한 줄씩 읽어가며 파싱을 진행했습니다. 한 줄에 :이 여러개면 문제가 생길 수 있는 코드긴 한데, :가 들어갈 일이 많지는 않을 것 같아서 일단 이렇게 구현하고 나중에 수정하도록 하겠습니다. meta와 body로 본문을 나눴으니 body를 HTML로 변환하기만 하면 사실상 완성입니다.

2024-10-23 수정

value에 콜론이 들어가도 문제가 없도록 수정했습니다. [key, value] 부분을

const colon = line.indexOf(":");

if (colon === -1) {
  console.warn(`Invalid meta line: ${line}`);
  continue;
}

const key = line.slice(0, colon).trim();
const value = line.slice(colon + 1).trim();

이렇게 수정했습니다.

본문 렌더링

마크다운은 크게 2종류로 분류할 수 있습니다.

줄 전체가 마크다운인 경우 ex) # h1
평범한 텍스트 안에 마크다운이 들어가는 경우 ex) abc **efg** abc

그리고 이 둘이 혼합되는 경우도 있습니다. 예시로 바로 위에 있는 리스트도 한 줄이 전부 마크다운인데 코드가 들어가 있죠. 그래서 renderLine(line: string): ReactNode 함수를 하나 만들어 줄 단위로 렌더링을 진행하고 toHtml(content: string[]): ReactNode[]에서 전체를 렌더링하되 중간중간에 renderLine을 호출해서 내부를 채워주려 합니다. 꽤 처리해야할 케이스가 많으니 하나씩 해 보겠습니다.

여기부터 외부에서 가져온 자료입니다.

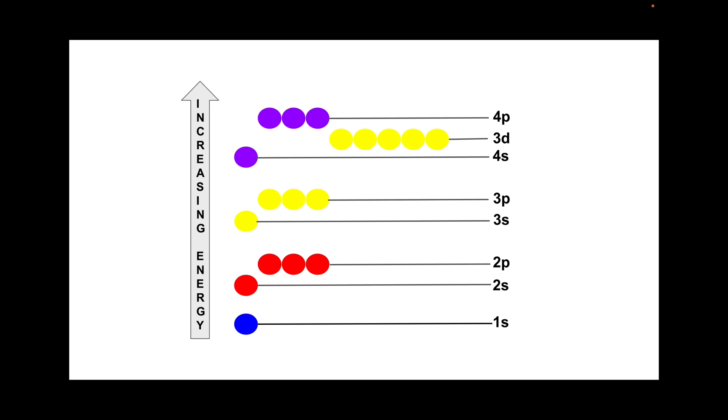So if the highest energy electron is in a P subshell, we would class the element as a P block element.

스타일링은 tailwind가 적용되지 않기 때문에 본문에 .prose라는 클레스를 갖는 div를 감싸고 전용 css를 하나 만들어 .prose h1 이런 식으로 선택해서 스타일을 직접 적용하려 합니다. 스타일 관련 코드는 굳이 언급하지 않으니 Github 코드를 참고해 주세요.

toHtml

헤딩 (h1 ~ h6)

어떤 줄이 # 으로 시작하면 헤딩이 됩니다. 그냥 노가다입니다.

if (content[i].startsWith("######"))
  html.push(
    <h6 id={content[i].replace("######", "").trim()} key={i}>
      {content[i].replace("######", "").trim()}
    </h6>
  );
else if (content[i].startsWith("#####"))
  html.push(
    <h5 id={content[i].replace("#####", "").trim()} key={i}>
      {content[i].replace("#####", "").trim()}
    </h5>
  );
else if (content[i].startsWith("####"))
  html.push(
    <h4 id={content[i].replace("####", "").trim()} key={i}>
      {content[i].replace("####", "").trim()}
    </h4>
  );
else if (content[i].startsWith("###"))
  html.push(
    <h3 id={content[i].replace("###", "").trim()} key={i}>
      {content[i].replace("###", "").trim()}
    </h3>
  );
else if (content[i].startsWith("##"))
  html.push(
    <h2 id={content[i].replace("##", "").trim()} key={i}>
      {content[i].replace("##", "").trim()}
    </h2>
  );
else if (content[i].startsWith("#"))
  html.push(
    <h1 id={content[i].replace("#", "").trim()} key={i}>
      {content[i].replace("#", "").trim()}
    </h1>
  );

가로줄

frontmatter에 사용된 ---를 제외하고 ---가 오면 글을 나누는 가로줄을 넣습니다. frontmatter에 사용된 가로줄은 애초에 body에 담겨오지 않으니 생각하지 않아도 됩니다.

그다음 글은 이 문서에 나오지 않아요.